It’s raining space junk. Just one month after NASA admitted that a piece of trash tossed from the International Space Station (ISS) crash-landed through a home in Florida, a massive piece of space debris ended up on a farm in Canada.
A farmer in Saskatchewan, Canada discovered an 88-pound (40 kilograms) heavy piece of charred metal in his fields, and suspected it was space debris from the multiple layers of burned composite fibres and webbing, CBC reported. “But I had no idea. I don’t build spaceships for a living. I farm,” Barry Sawchuk told CBC.
Local reports of the possible space junk reached a group of astronomy professors, who traced the burned fragments to the reentry of a SpaceX Dragon spacecraft in February. The SpaceX Dragon spacecraft undocked from the ISS over the Pacific Ocean, west of Ecuador on February 7, and returned a crew of astronauts to Earth following a splashdown off the coast of Daytona, Florida, on February 9.

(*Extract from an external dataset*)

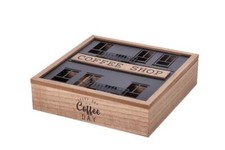 Scatola Portabustine da Te Thè in Legno MDF 24 x 24 x 6,5 cm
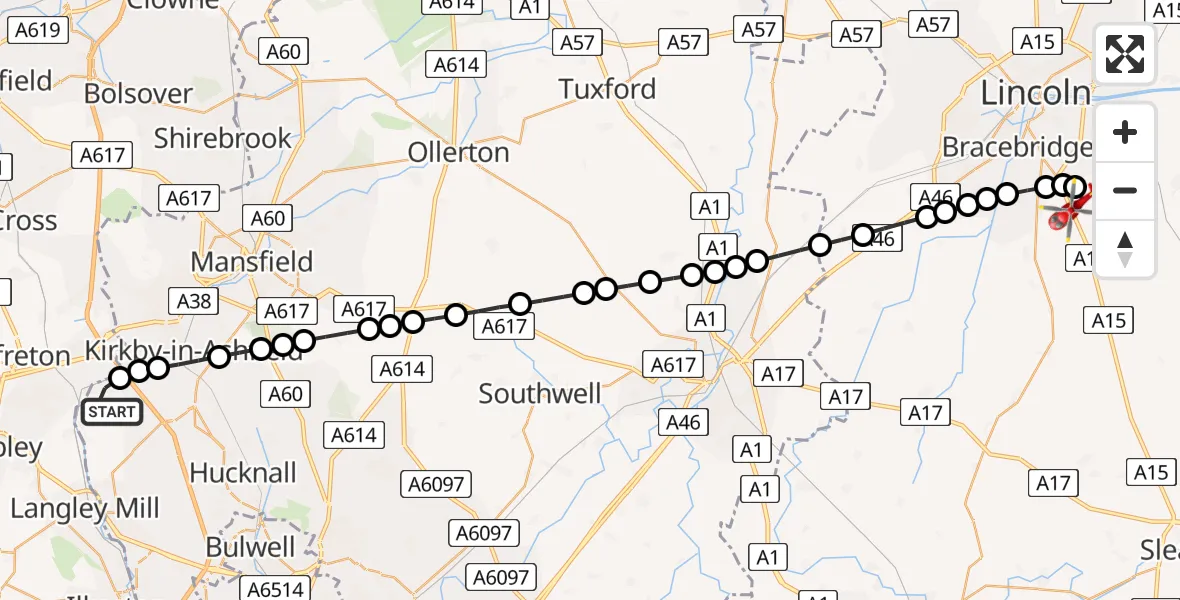 Routekaart van de vlucht: Air Ambulance Helicopter to North Kesteven, Sleaford Road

The spacecraft is made up of a reusable crew capsule and an expendable trunk module, which is jettisoned prior to Dragon’s reentry through Earth’s atmosphere and is left to reenter on its own. The trunk module that was discarded prior to the February reentry of the Axiom-3 mission crew may be what landed on the Canadian farm.
This isn’t the first time suspected SpaceX debris ends up in a populated place. In July 2022, another charred piece of metal ended up on farmland in Australia, and it was also suspected to have come from SpaceX’s Dragon trunk module.
As the space industry continues to grow, so do the risks of getting hit by a crashing piece of spacecraft. On average, 200 to 400 human-built objects reenter through Earth’s atmosphere every year, and space agencies commonly accept a 1 in 10,000 probability threshold for the casualty risk of a single uncontrolled reentry, according to ESA.
Earlier in April, NASA admitted that a piece from a pallet containing old batteries that was tossed from the ISS in March 2021 crashed through a Florida home. The space agency confiscated the cylinder-shaped piece for analysis, but it’s not clear whether SpaceX will step up to do the same for fear of liability.
Canadian farmer Sawchuk doesn’t seem too concerned about it. He plans on selling the piece of space junk and donating some of the profit to help build a hockey rink in Saskatchewan, Sawchuk told CBC. That’s one way to deal with it.